Last week Prostasia Foundation participated in an event titled "Preventing Child Online Grooming: Working Together for Maximum Impact" which was organized by the UK Home Office, the WePROTECT Global Alliance, and Microsoft. A surprise proposal at the event came from Hany Farid, professor of computer science at Dartmouth College. Professor Farid is one of the developers of the PhotoDNA technology that Microsoft and its partners use to scan images that are uploaded by users to the web. Professor Farid's suggestion was that this scanning technology should be incorporated into all major web browsers.
This raises several privacy and security concerns. The hash databases used with PhotoDNA, as compiled by organizations such as the Internet Watch Foundation (IWF) and the National Center for Missing and Exploited Children (NCMEC), are meant to contain only unlawful images of minors, but due to the nature of these images, there is no transparency about what images are included. As such, lawful images have previously been wrongly included in these databases, resulting in false positive matches that impacted innocent Internet users.
But more alarming than this is that by moving this hash-scanning technology from the server side (scanning by web companies) to the client side (scanning in your own web browser), you are allowing a "Big Brother" into your home. Exactly as happened with server side scanning, governments and special interest groups will soon insist on expanding it to scan for other types of illicit content, such as copyright-infringing downloads. Since currently copyright owners complain about the game of "whack-a-mole" that they play when copyright files are moved from one server to another, incorporating copyright-scanning technology directly into the web browser could be an irresistable solution. It may also prove irresistable to governments that wish to censor downloads of banned security tools like secure messaging applications.

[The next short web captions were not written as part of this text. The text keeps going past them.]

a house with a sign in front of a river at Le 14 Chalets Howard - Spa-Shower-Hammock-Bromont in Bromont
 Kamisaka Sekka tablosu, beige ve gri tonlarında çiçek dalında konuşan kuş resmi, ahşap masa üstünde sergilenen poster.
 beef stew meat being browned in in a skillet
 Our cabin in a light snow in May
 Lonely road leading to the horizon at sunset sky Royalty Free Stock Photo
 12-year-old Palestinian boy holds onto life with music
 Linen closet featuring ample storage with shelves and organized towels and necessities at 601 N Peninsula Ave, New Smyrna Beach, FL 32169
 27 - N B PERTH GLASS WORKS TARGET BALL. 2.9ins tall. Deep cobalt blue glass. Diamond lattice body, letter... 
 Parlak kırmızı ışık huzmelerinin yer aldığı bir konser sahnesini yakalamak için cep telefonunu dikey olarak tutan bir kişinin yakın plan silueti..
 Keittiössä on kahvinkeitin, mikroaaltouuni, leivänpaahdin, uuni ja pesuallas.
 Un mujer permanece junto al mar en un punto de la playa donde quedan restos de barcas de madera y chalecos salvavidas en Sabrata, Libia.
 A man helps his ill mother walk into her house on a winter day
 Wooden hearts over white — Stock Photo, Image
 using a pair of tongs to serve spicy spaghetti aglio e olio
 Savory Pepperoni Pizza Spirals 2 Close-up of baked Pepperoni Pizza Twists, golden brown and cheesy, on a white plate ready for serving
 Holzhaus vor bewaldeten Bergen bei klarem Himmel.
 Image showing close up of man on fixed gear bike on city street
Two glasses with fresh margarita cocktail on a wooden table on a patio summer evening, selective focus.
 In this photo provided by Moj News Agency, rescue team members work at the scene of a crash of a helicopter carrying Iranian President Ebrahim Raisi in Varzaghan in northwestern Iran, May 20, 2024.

Perhaps even more concerning still is the prospect that not only our downloads, but also our private messages may soon be being automatically scanned. The main outcome of the Microsoft event was the announcement of a new surveillance technology that is claimed to be able to to automatically flag potential conversations taking place between child groomers and children. Prostasia Foundation will be seeking further details of this technology and requesting access to an early beta for evaluation as part of our planned 2019 Internet Platform Review. We intend to use logs of chats of sexual role play, sourced consensually from the adult participants to those chats, to determine whether the technology is as accurate as claimed at identifying actual cases of attempted grooming.
When we raised some of these concerns with Professor Farid, he dismissed them. But this is a classic illustration of the need for vigilance to ensure that in our understandable and laudable enthusiasm to thwart child sexual abusers, we don't overlook significant civil liberties concerns about the potential for some of these technologies to harm the privacy and security of innocent Internet users. We will be inviting Dr Farid to attend our May 2019 meeting of Internet platforms and experts, to ensure that our concerns are conveyed to the technologists and policymakers who are leading this charge.